Оглядываясь на свое прошлое, спрашиваю себя иногда: уж полно я ли все это пережил и перечувствовал – так много в нем всех родов впечатлений и треволнений. Весьма возможно, что посторонние отнесутся с недоверием к этому бурному прошлому, особенно к деятельному участию, которое я принимал в различных кампаниях.
Вспоминаю по этому поводу следующее: после утомительного дела под Самаркандом, рассказ о котором следует далее, лихорадка принудила меня уехать из отряда и через месяц с небольшим после самаркандского сидения я очутился в Париже, в кругу оставленных там товарищей, художников.
Разумеется, пошли вопросы о Туркестане как новой стране, – я рассказал, что видел и слышал, рассказал, что «даже участвовал в битве!» «Может ли быть?» – «Да, случалось водить солдат на штурм». – «???» Я откровенно описал мои впечатления, ощущения и события: «Георгиевская дума мне первому присудила крест, но, как носящий статское платье, я просил генерала Кауфмана просить государя перенести эту милость на другого». – «??!»
На следующий день после этой беседы покойный профессор Гун, прекрасный товарищ, говорит мне:
– Ты помнишь инженера К., который вместе с нами слушал вчера твой рассказ?
– Помню.
– Когда ты ушел, он говорил, что ты все врал...
– Как врал?
– Так! Все, говорит, от первого до последнего слова, все вранье – что ты водил солдат на штурм, что тебе присудили Георгиевский крест, но ты отказался от него, – все это, говорит, невозможные вещи и тебе это, верно, померещилось...

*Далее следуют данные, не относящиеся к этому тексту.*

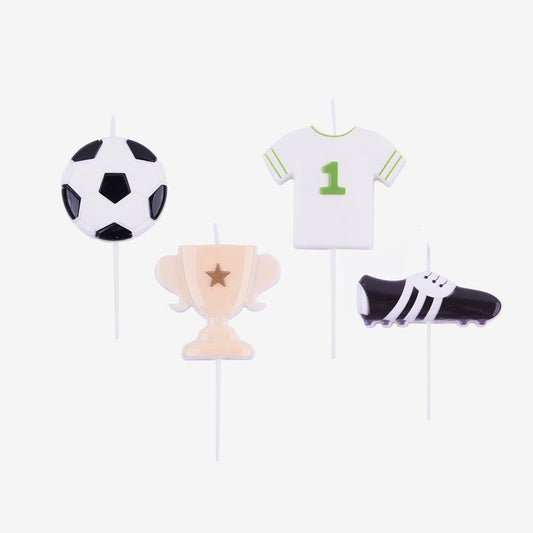 Set de 4 bougies d'anniversaire foot pour gateau d'anniversaire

– Ну что ж, пусть его, – ответил я, немного сконфузившись. Как, чем мог я доказать, что ничего не солгал?
Через месяц прихожу в трактирчик, в котором собирались обыкновенно наши к обеду, – встречают восклицаниями: К. виновато жмет руку, а архитектор В., с русской газетой в руках, читает, что государь император «за блистательные мужество и храбрость» жалует мне Георгиевский крест. Я был отомщен!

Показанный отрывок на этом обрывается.